Tanaka was refused a loan by two small loan institutions, Japan Finance Corporation and Shinyou Hoshou Kyokai, which are owned by the Japanese government. They were founded to help promote and encourage small and midsize businesses.
According to Tanaka’s lawyer, Shigenori Kawahara, there aren’t any other institutions Tanaka can turn to for a loan.
"Unfortunately, more and more of my clients are being denied loans, although, they are qualified to obtain one,'' Kawahara said.
Small and medium emterprises (SMEs) with empty order books have been hit hard by tightened credit and have difficulty obtaining loans.
According to Yoshihiro Nishi, president and chief executive of Tierra Financial Advisors, the impact of the financial downturn will be worse for Japanese SMEs, rather than larger corporations.
''For every major Japanese company suffering difficulties, there are 10,000 SMEs not making the headlines that are being hit much harder,'' Nishi said.
"The major reason,'' Nishi said, ''is that large banks are trying to preserve their relationships with their biggest companies, and are continuing to provide support. "But they are not extending new credit, and in many cases are recalling loans to SME’s."
There were a record number of complaints by SMEs regarding financial institutions calling in loans and being reluctant to extend new loans.
On Feb. 23 Japan’s leading provider of short-term loans to small and midsize companies, SFCG Co., filed for bankruptcy with debts totaling 328 billion yen (3.3 billion US dollars). The company had a hard time raising funds from financial institutions and the situation deteriorated after Lehman Brothers collapsed in September.
There is fear that its collapse could lead to more cuts in refunds, pending lawsuits and cash flows. The true impact is yet to be felt. Nishi predicts current prospects for SMEs are dire, and that the situation will get much worse.
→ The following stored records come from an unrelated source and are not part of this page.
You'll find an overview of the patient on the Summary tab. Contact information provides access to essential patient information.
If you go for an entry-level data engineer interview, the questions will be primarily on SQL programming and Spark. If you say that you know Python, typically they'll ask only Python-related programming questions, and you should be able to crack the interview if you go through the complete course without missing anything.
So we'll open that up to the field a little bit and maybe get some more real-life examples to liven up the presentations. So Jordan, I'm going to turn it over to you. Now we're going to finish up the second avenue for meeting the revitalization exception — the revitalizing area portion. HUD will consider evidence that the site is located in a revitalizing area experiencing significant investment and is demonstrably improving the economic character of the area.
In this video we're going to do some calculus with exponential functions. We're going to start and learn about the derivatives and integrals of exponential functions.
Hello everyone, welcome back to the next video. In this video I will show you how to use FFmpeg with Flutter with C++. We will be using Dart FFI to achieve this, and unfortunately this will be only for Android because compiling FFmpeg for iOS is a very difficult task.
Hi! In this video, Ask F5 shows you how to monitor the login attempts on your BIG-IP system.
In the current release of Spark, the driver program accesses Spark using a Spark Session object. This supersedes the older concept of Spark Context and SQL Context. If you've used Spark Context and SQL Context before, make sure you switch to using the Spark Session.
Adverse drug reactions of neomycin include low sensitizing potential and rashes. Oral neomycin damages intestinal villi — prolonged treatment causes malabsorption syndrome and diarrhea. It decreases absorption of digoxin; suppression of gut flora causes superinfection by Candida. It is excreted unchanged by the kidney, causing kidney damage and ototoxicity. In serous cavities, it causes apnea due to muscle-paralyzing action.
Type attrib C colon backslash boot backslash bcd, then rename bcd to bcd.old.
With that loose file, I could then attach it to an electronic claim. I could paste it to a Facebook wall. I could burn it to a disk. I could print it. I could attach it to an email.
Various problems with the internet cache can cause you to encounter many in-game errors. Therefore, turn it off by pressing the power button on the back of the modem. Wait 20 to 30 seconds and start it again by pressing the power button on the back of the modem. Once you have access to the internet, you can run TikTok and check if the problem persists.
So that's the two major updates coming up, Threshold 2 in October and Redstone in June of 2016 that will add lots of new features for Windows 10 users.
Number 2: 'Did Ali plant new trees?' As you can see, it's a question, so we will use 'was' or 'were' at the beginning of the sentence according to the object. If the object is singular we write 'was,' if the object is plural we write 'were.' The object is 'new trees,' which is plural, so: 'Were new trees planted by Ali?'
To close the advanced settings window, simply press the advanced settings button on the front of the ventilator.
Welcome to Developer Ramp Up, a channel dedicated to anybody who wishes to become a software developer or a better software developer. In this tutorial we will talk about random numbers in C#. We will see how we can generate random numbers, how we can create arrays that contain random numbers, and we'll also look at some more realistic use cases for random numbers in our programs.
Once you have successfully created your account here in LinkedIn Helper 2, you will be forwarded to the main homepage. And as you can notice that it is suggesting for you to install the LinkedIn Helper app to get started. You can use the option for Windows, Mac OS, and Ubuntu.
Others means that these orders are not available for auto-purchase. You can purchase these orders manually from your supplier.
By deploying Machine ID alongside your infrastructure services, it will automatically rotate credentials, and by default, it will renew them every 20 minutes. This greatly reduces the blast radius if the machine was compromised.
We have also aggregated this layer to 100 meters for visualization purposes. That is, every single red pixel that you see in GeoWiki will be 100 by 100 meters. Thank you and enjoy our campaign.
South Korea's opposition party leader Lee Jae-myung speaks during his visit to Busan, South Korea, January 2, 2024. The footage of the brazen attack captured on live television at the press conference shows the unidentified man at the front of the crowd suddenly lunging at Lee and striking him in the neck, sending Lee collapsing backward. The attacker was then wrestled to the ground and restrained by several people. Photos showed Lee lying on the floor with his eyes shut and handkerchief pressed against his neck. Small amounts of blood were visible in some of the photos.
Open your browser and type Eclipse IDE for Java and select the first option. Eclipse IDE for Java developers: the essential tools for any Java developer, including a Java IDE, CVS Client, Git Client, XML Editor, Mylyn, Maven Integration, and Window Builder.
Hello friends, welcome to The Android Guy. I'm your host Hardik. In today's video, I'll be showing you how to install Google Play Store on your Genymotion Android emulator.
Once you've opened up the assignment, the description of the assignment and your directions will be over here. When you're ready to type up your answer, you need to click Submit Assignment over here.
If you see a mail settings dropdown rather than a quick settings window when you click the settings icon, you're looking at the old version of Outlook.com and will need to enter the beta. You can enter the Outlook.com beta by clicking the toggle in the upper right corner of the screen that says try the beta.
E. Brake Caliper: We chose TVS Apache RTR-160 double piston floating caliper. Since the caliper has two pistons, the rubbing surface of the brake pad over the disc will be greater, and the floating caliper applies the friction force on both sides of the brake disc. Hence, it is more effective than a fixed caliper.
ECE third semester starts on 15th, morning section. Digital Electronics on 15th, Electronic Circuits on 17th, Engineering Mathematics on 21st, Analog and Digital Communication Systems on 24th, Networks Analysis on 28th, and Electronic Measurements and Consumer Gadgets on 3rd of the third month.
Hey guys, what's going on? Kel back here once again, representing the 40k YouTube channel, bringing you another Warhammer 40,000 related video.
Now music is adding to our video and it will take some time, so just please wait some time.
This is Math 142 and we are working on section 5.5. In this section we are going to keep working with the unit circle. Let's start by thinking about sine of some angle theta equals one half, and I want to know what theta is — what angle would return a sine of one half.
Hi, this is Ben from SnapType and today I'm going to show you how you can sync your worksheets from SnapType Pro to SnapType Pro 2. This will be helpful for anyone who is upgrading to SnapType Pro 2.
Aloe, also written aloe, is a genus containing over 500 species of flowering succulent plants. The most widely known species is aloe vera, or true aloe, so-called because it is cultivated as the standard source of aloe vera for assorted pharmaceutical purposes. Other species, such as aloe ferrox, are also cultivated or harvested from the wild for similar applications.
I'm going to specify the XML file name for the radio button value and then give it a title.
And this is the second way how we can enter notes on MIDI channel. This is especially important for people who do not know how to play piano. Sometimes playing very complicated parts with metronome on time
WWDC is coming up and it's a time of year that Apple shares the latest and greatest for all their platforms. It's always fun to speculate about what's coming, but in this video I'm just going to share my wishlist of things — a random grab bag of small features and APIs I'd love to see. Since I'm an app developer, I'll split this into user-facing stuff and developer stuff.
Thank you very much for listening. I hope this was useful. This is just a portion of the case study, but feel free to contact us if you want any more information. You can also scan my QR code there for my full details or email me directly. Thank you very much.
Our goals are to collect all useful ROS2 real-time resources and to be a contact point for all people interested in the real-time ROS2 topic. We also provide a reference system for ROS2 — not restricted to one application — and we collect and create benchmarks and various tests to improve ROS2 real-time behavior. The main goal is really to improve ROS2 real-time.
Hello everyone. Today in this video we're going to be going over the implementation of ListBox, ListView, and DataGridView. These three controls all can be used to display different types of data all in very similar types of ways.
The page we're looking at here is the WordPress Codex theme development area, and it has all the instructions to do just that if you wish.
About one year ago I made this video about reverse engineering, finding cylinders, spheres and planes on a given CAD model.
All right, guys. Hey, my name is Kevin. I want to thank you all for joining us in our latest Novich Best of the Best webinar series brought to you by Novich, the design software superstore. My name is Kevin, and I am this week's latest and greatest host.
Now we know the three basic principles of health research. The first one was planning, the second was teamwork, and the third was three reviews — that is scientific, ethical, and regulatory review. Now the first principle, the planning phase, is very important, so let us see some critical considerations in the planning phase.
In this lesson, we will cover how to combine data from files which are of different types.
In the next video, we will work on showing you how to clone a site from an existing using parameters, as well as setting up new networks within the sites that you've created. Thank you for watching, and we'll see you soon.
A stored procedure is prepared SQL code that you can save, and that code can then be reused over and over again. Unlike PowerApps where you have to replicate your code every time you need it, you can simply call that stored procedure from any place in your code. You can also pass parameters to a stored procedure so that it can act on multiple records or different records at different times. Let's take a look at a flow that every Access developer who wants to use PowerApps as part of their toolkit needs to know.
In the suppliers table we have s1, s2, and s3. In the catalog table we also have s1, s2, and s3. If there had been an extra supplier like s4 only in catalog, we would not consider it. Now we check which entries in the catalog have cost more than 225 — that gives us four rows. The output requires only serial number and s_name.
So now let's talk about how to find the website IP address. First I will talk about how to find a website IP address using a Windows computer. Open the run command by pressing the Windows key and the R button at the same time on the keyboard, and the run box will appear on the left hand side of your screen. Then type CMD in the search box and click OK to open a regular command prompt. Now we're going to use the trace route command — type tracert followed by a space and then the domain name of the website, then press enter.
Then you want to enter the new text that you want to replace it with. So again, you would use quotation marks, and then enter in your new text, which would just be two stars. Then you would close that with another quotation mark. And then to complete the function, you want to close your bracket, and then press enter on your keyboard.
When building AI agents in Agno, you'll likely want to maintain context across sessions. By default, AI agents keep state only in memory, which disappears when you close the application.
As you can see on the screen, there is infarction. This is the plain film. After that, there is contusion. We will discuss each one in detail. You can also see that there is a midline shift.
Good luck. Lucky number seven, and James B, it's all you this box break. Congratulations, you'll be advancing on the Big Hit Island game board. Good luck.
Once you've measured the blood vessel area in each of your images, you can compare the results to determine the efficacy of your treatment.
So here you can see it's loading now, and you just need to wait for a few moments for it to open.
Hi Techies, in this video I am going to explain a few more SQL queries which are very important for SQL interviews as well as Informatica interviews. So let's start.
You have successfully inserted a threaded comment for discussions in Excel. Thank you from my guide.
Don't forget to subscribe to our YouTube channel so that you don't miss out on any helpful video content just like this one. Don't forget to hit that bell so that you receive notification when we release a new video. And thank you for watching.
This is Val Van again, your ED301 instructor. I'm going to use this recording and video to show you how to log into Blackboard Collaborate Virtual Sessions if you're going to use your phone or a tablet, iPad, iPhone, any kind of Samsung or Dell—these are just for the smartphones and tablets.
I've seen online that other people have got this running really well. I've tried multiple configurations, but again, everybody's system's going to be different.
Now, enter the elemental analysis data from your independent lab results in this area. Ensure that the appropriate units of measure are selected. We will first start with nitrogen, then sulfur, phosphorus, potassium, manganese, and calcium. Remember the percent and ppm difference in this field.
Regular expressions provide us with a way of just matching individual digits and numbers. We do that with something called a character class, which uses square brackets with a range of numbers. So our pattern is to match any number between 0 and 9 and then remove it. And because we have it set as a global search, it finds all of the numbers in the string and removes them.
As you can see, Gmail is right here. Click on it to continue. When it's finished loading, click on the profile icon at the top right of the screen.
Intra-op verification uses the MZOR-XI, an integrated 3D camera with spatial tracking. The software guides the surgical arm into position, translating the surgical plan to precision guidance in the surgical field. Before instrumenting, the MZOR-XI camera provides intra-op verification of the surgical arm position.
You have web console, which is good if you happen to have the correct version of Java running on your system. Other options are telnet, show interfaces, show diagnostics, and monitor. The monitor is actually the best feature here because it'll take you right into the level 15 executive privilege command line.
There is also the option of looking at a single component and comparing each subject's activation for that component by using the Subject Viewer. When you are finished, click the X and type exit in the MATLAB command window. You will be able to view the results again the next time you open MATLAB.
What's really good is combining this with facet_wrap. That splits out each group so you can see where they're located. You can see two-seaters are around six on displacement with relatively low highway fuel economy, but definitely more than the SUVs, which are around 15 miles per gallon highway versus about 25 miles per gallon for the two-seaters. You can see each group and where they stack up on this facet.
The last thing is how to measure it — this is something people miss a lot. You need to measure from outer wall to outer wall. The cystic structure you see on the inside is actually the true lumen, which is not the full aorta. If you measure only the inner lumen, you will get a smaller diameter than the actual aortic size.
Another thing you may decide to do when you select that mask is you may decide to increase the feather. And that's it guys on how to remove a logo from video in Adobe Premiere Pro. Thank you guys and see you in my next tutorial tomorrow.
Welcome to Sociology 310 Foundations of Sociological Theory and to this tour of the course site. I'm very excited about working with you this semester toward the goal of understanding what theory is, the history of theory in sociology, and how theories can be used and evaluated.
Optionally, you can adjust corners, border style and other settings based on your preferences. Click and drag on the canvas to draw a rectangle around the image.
"The current downturn is like a tsunami which is now starting to gather momentum," Nishi told IPS. "The average employee has yet to see a salary cut, but the message will really hit home in June/July, when summer bonuses typically paid by Japanese companies, are drastically reduced. The average household relies on these bonuses for holidays and big ticket household items."
Jeffrey Kingston, professor at Temple University in Japan and Japan expert, adds that SME companies are serving as the shock absorbers for blue chip Japan. These companies have more difficulty in getting loans and so have to pay higher interest rates.
"In the current implosion, these companies are seeing orders evaporate from their large customers and since they don't have much of a cushion to fall back on during lean times, they are cutting costs anyway they can, meaning layoffs, firing, early retirement, wage and bonus cuts, work sharing and wage cuts," Kingston says.
As severe as the crisis is for the name brand firms it is far worse for SME companies that typically rely on a much narrower customer base. When a large customer asks them to cut prices they can only answer, "How much?"
"At a macro-economic level this translates into higher unemployment in a nation with an insufficient safety net and also means the consumer demand is plunging as everyone prepares for the worst," Kingston told IPS.
The crisis is creating record suicides not seen since 1998 when more than 30,000 killed themselves, up from 24,000 the previous years. That number has stayed above 30,000 for the last decade, and if the economic crisis continues the numbers are expected to rise.
According to the World Health Organisation, Japan's suicide rate is 51 per 100,000 people, with men more than twice as likely as women to kill themselves.
In fact, Inochi No Denwa, the telephone lifeline reports that it is handling a record 700,000 calls a year. The hotline operates 50 centres across Japan, including three in Tokyo, and the average amount of time that a suicidal person spends on the phone is 40 minutes.
"The suicide rate in Japan reflects business cycles, a rapidly aging society and poor public health care for people suffering from depression," Kingston told IPS.
According to Stephen Church, an economist at securities researcher ‘JapanInvest’ in Tokyo, it is pointless for SME businessmen to expect anything from the prsent government.
The approval rating for Prime Minister Taro Aso’s Cabinet has dropped to 11 percent. That is an eight percent drop since January and is the third worst figure recorded since 1949, according to the Mainichi Newspaper.
‘’Nothing will happen as long as the current ruling Liberal Democratic Party is in place,’’ Church commented.